Lighter body armor has long been in high demand for troops on patrol in hot climates
The Army's current body armor can weigh 30 pounds or more
American soldiers on the battlefield might one day depend on spiderwebs to save their lives.
The Army now operates in some of the hottest places on the globe – Baghdad can reach 125 degrees in summer – but its current body armor for soldiers can weigh 30 pounds or more and includes woven Kevlar and ceramic plates.
Now, some relief might be on the way.
The Army is exploring whether the material spiders use to make their webs could be used to replace Kevlar and provide lighter, stronger and more comfortable protective gear.
“Mother Nature has created and optimized many extraordinary materials,” said Debi Dawson, a spokesperson for the Army’s Program Executive Office Soldier, the body responsible for boosting the service’s capabilities.
Spider silk “could have the ideal combination of high strength, high toughness and bio-compatibility that no man-made fibers could reach.”
To that end, her office awarded a $99,962 contract in mid-July in order to produce testing packs to see how the material holds up under fire.

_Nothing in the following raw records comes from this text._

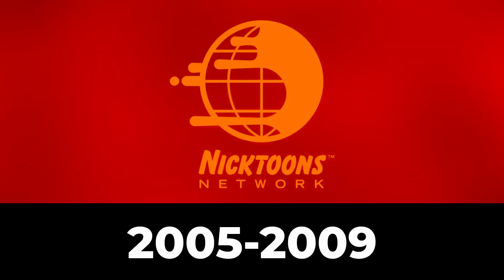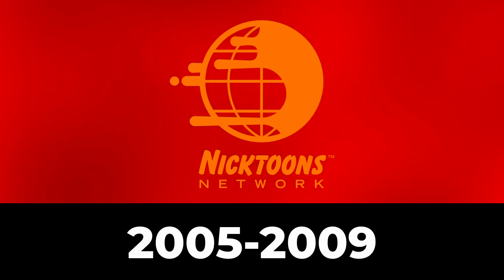2005 to 2009: Nicktoons changed its name back to Nicktoons Network. Now we have an orange globe with orange slime covering half of it. Not gonna lie, I really like this — no seriously, I do. Below the globe, we have the words Nicktoons Network in orange text.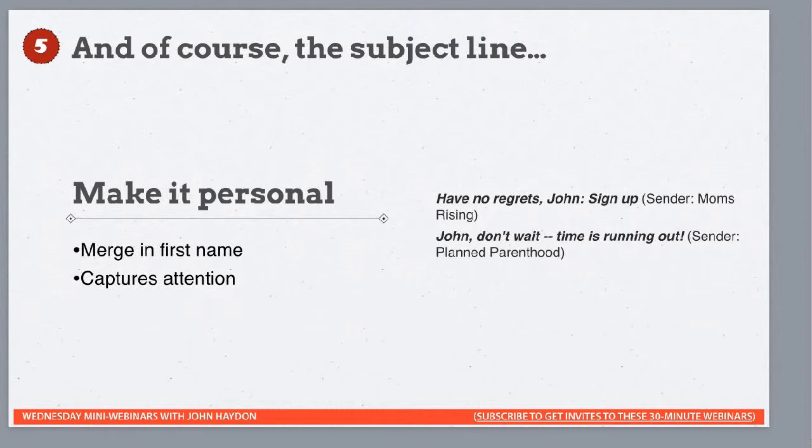Make it personal — if you can put the first name in the email subject line, that might work. Don't push this too far though, because it could come across as gimmicky or manipulative. Be really careful how you use a first name in an email. Don't use it too much or in places that feel unnatural — you don't want every other sentence to end with 'comma John,' for example.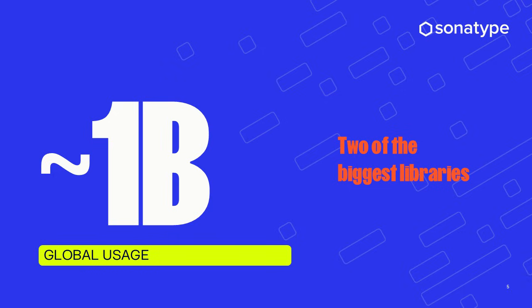And once you zoom out and look at actual usage, the scale gets even more staggering. React and Next.js together see nearly a billion downloads every single week — massive adoption across startups, enterprises, and everything in between.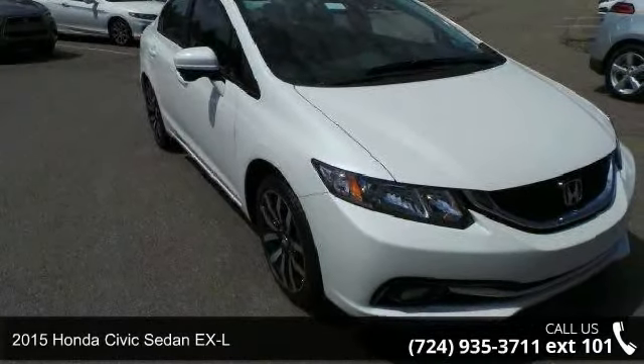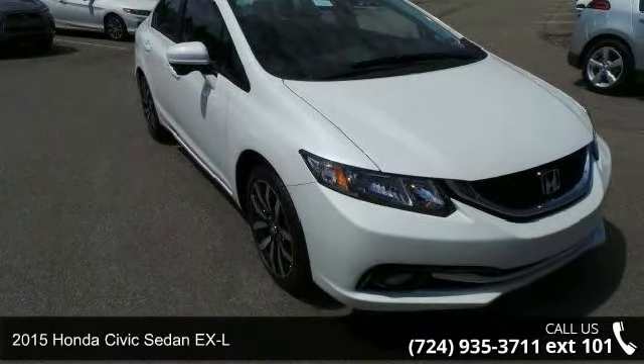Check out this 2015 Honda Civic Sedan EX-L. This may be the set of wheels you've been looking for.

Spider silk is “one of the toughest materials known to man,” according to Jon Rice, the chief operating officer of the Ann Arbor, Michigan, company Kraig Biocraft that received the contract.

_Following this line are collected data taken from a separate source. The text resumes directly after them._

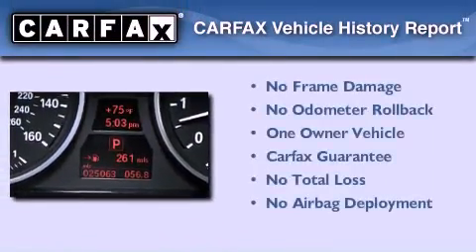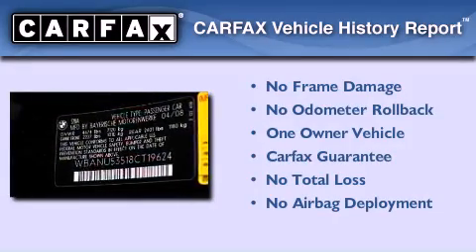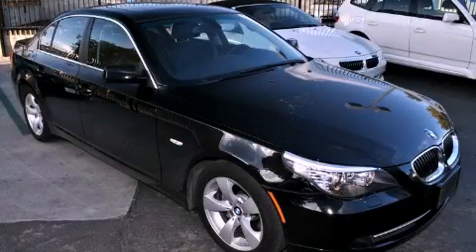This BMW has had only one owner, and it qualifies for the Carfax buyback guarantee. This vehicle is sure to sell fast — call and arrange your test drive today.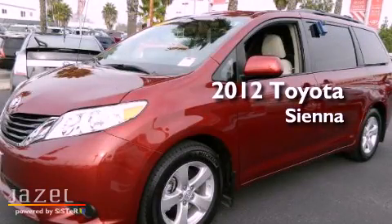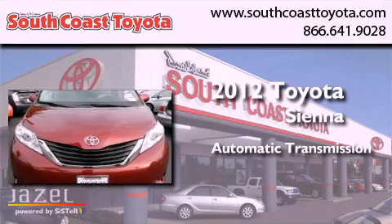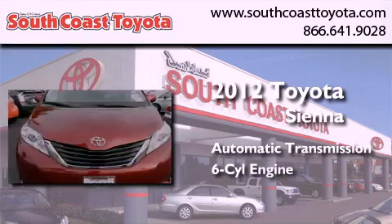This is a 2012 Toyota Sienna. This minivan has an automatic transmission and a 3.5-liter V6.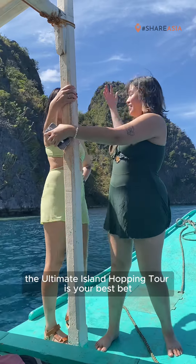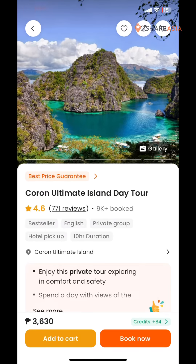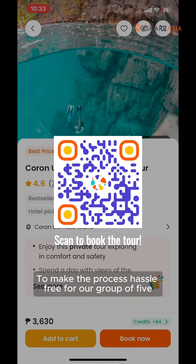Breathtaking rock formations, historical dive sites, and some of the clearest seawater you'll ever swim in. Travelers, this is Coron, Palawan.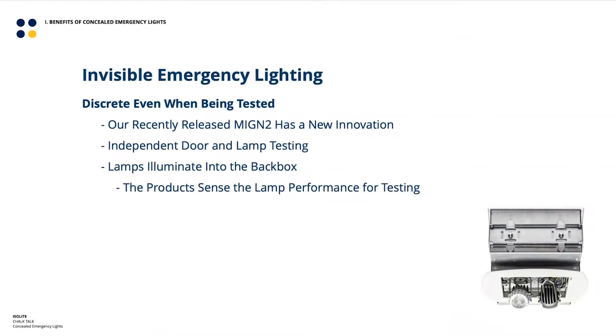Our newer concealed emergency lights also solve the self-diagnostic illumination problem. The new Mini Genie, the MIGN2, has an innovative way of testing itself. It keeps the door closed and points the lights into the back box — not visible to people in the space — and illuminates the lights into the back box on a monthly basis. The electronics confirm the product passed its self-diagnostic. Every fourth time, it tests the door independently: lights on inside the box hidden, lights turn off, then the door exercises itself quietly. The people inside wouldn't even know the test has been run.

Rice said it was “almost as strong as Kevlar and about 10 times more flexible.”
Spider silk is also lighter than Kevlar, a synthetic fiber first developed in the 1960s and currently used in tires and protective gear such as helmets and tactical vests.
And since today’s counterinsurgency and training missions often require soldiers to be out of their vehicles and bases, engaging with local populations and forces on foot, mobility is particularly important in whatever armor they wear.
About six years ago, Kraig Biocraft was able to genetically engineer silkworms to produce spider silk, which Rice said allowed the company to produce the material in an economical way.
The process combines the strength of spider silk with the mass production ability of silk worms, which produce traditional silk.
Rice added that the idea of using the technology for military applications came early on in the development process.
He said he had the opportunity to accompany the US Marine Corps during their Cobra Gold training exercise in Thailand. After trying on their body armor in the more than 100-degree-heat, he was struck by how heavy and immobile the protective gear was.
“I’m passionate about keeping these guys safe,” he said.
The Army noted that the project is still in its earliest exploratory stages but said the research could have a major impact down the road.